◆ Instructions for the task
Find the line with "CafePress - G.I." in the data below. Repeat it and every line after it up to the end, exactly, but drop the pictures.

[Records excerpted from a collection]
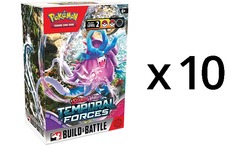 Pokemon SV5 Temporal Forces Prerelease Build & Battle Kit DISPLAY (10 Kits)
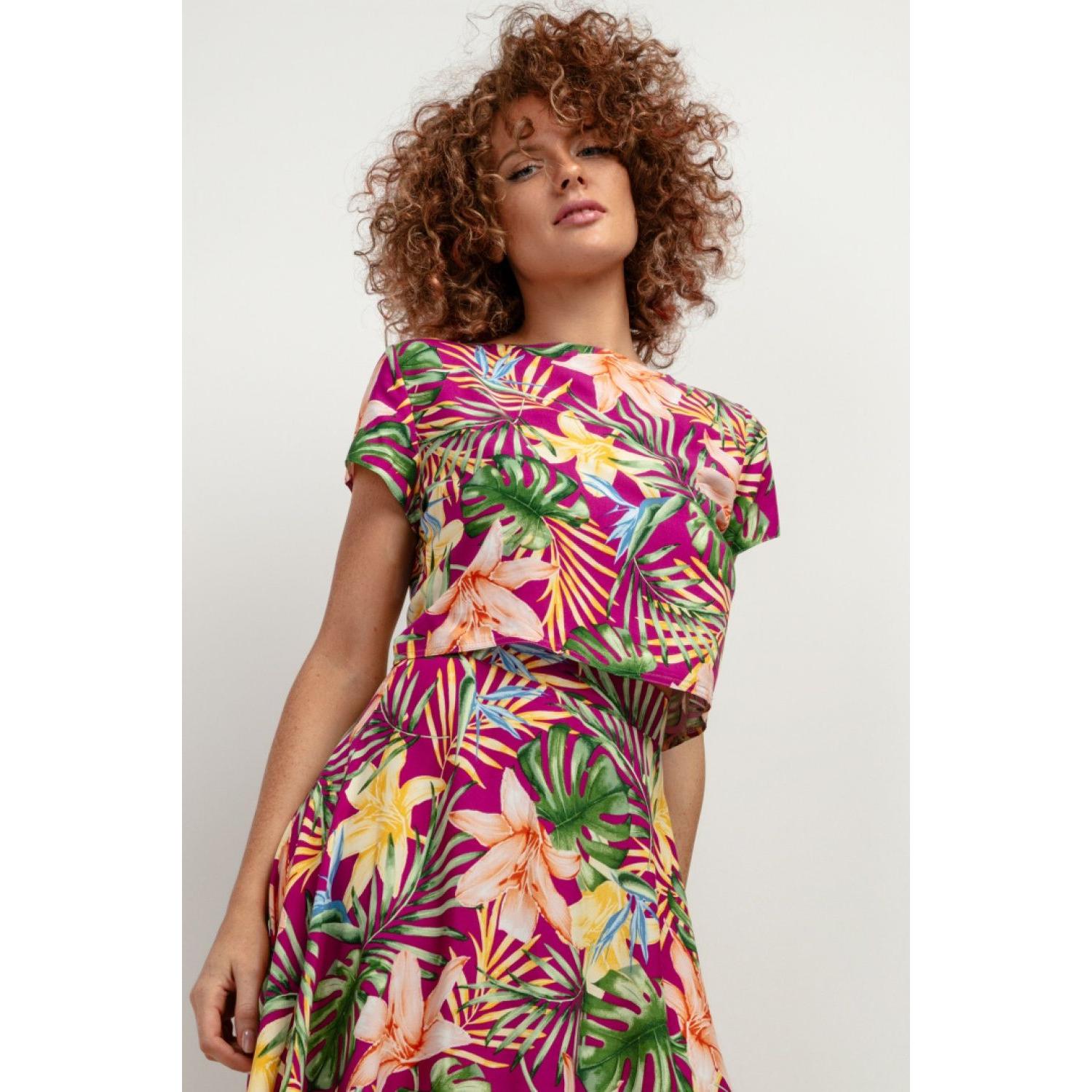 Tessita, Damen, Bluse, Bluse model, Mehrfarbig, (L)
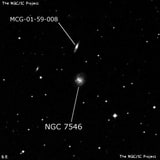 NGC 7546 - спиральная галактика с баром. Описание NGC 7546:, Галактика в созвездии Рыбы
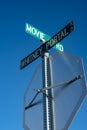 Street sign for Movie Road locations of Hollywood Westerns Royalty Free Stock Photo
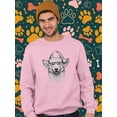 thumbnail image 2 of Smiling Corgi W Santa Hat Sweatshirt Men -Image by Shutterstock, Male Large, 2 of 4
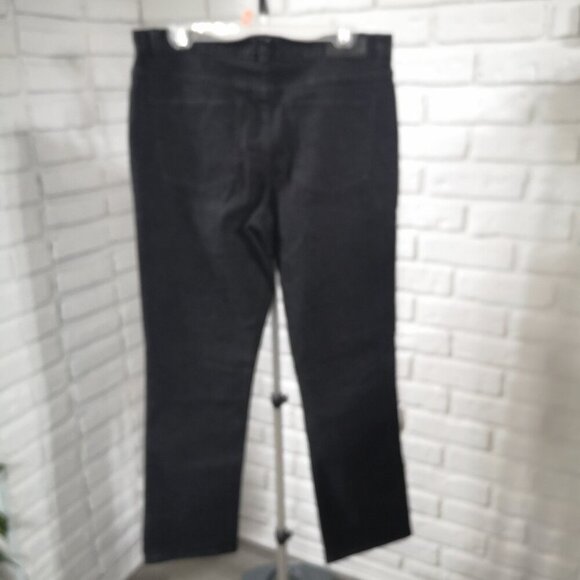 Chaps Denim Ladies Size 10 Straight Leg Black Jeans - Picture 2 of 12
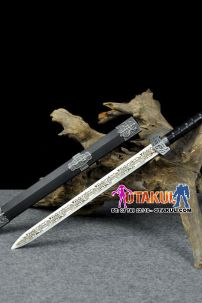 Kiếm Kim Loại Phong Thủy Điêu Khắc Rồng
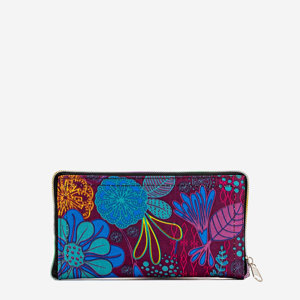 Різнокольорова сумка для покупок, складена в гаманець з барвистим малюнком - Аксесуари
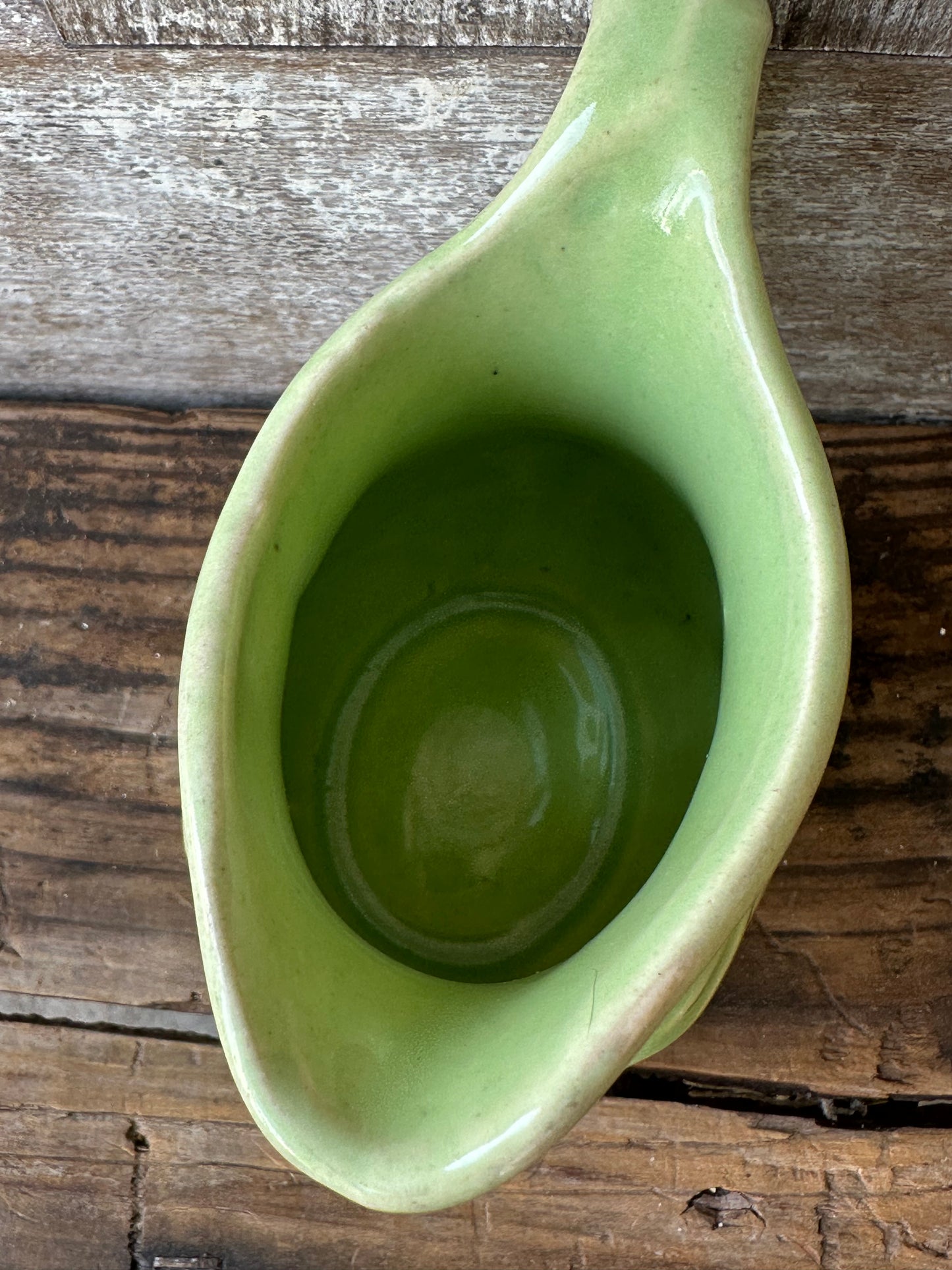 Green Pitcher/Creamer Leaf Pattern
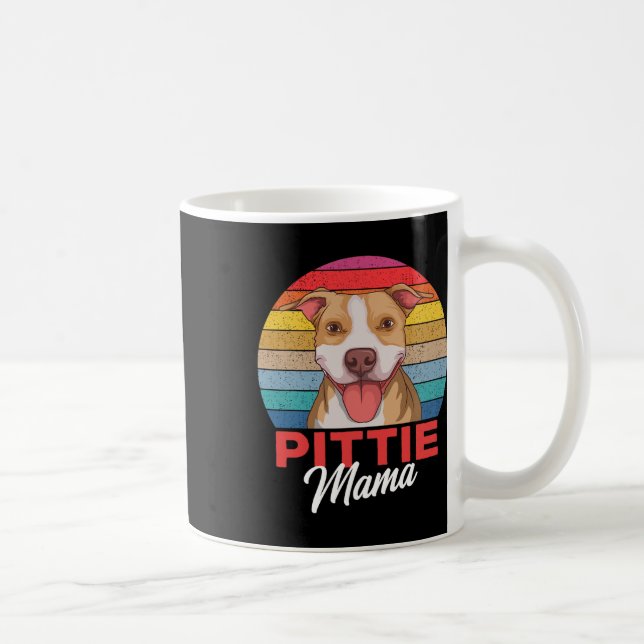 Pittie Mama Pitbull Mama Kaffeetasse (Rechts)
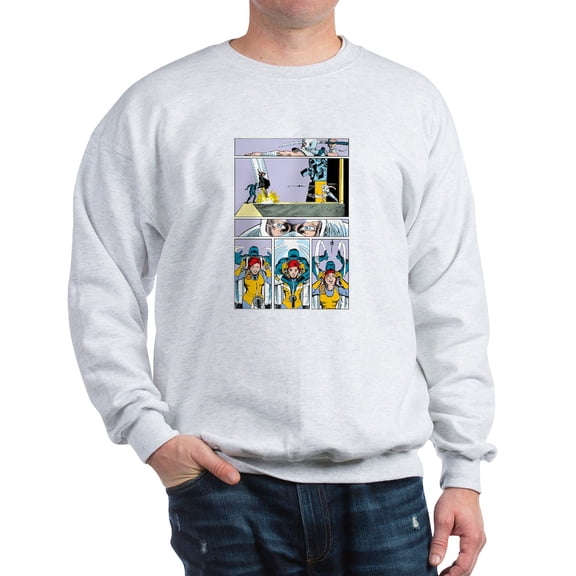 CafePress - G.I. Joe Snake Eyes Savi - Crew Neck Sweatshirt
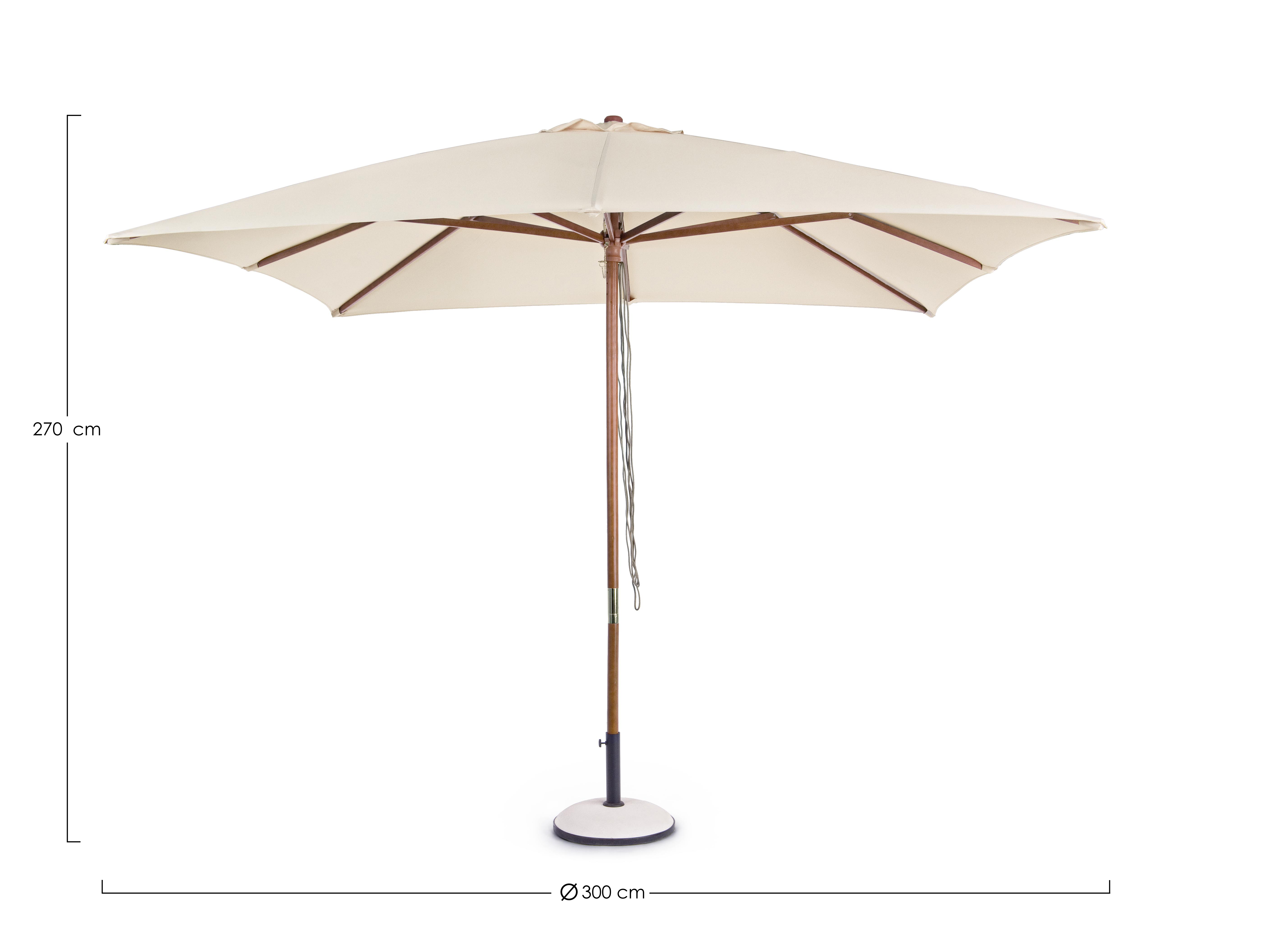 Sonnenschirm SYROS 3x3M naturfarbe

◆ Written response
 CafePress - G.I. Joe Snake Eyes Savi - Crew Neck Sweatshirt
 Sonnenschirm SYROS 3x3M naturfarbe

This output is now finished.